Craig’s Coffee

Detroit

Coffee is roasted TO ORDER every Tuesday and Wednesday. Typically there’s a 24-48 hour turn around on retail orders. So if you order your coffee on Friday, it will be roasted and shipped/delivered Tuesday. If you order coffee on Tuesday, it will be roasted and delivered/shipped the next day, Wednesday. (You get the gist?) We try our best to complete local same-day orders, pending on time.

Cold Brew and Cold Brew Concentrate are usually stock. Due to limited production, you must contact me directly to purchase cold brew and concentrate. This excludes the Bean Juice Club and Coffee Concentrate Subscriptions.

All of the coffee offered from Craig’s Coffee is 100% traceable - when I use the word “traceable”, I mean that I know exactly where the coffee is coming from; this includes who the farmers are, the name and region of the farm, and the processing station for which the coffee was turned from a fruit into a “bean”. Most times, we know exactly how much the farmer is making in the sale of their coffee. This isn’t so hard these days with current technology. Half of the farmers we work with are just a WhatsApp message or an email away. So when (and if) you hear the term “direct trade”, it doesn’t usually mean the Roaster was involved with a “trade” of goods, aka the roaster paying the producer directly for coffee. It just doesn’t happen that way anymore, and never really happened that way. This is because it’s nearly impossible and somewhat illegal for a producer to ship their green coffee from their farm directly to a roastery, especially in the United States… There a series of checkpoints and requirements that raw grains (raw coffee) have to pass through. More often than not, when a roaster refers to “direct trade”, it means that they and the producer (often the owner of the farm) have agreed on a quantity, a price, and a third party exporter to help broker the deal and ship the coffee from origin to destination.

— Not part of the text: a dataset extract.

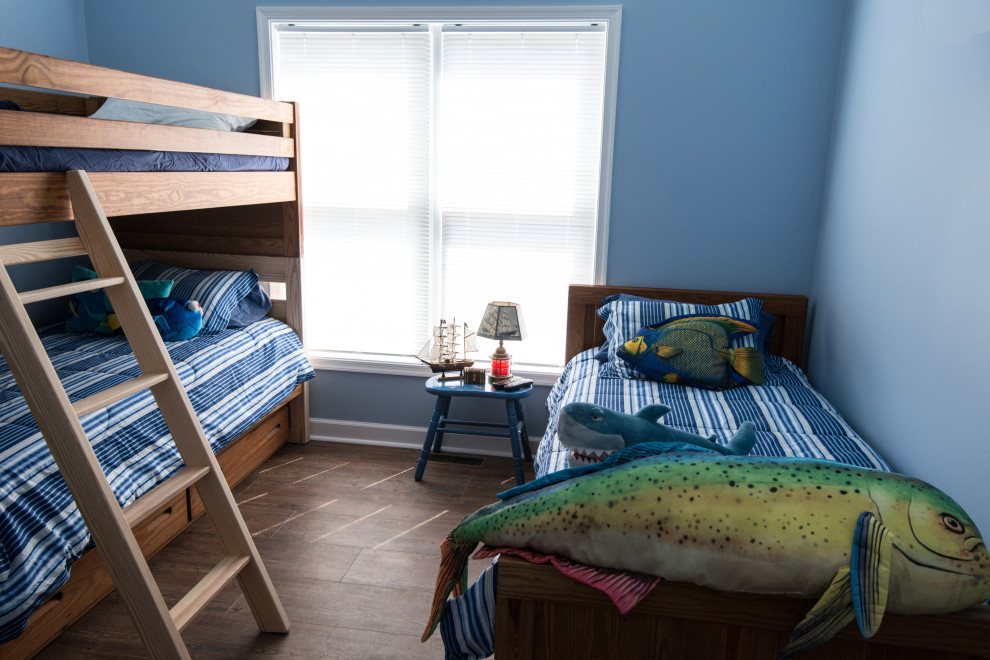 Immagine di una piccola cameretta per bambini da 4 a 10 anni stile marinaro con pareti blu e pavimento in vinile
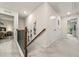 Upstairs hallway with carpeted floors, and a view of the bedroom at 613 Everett Ln, Woodstock, GA 30188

Buying green coffee typically isn’t the magical journey that it’s made out to be. It involves massive amounts of raw goods, huge sums of money, and airtight logistics. Not to mention one bad winter can ruin an entire crop. There’s a lot of moving parts, and a lot of people involved. And at the end of the day, it’s just coffee. But we’re proud to say that we involve ourselves very deeply and invest in all of our relationships with our coffee producers. This means securing and guaranteeing that we’ll buy bags from the farmer.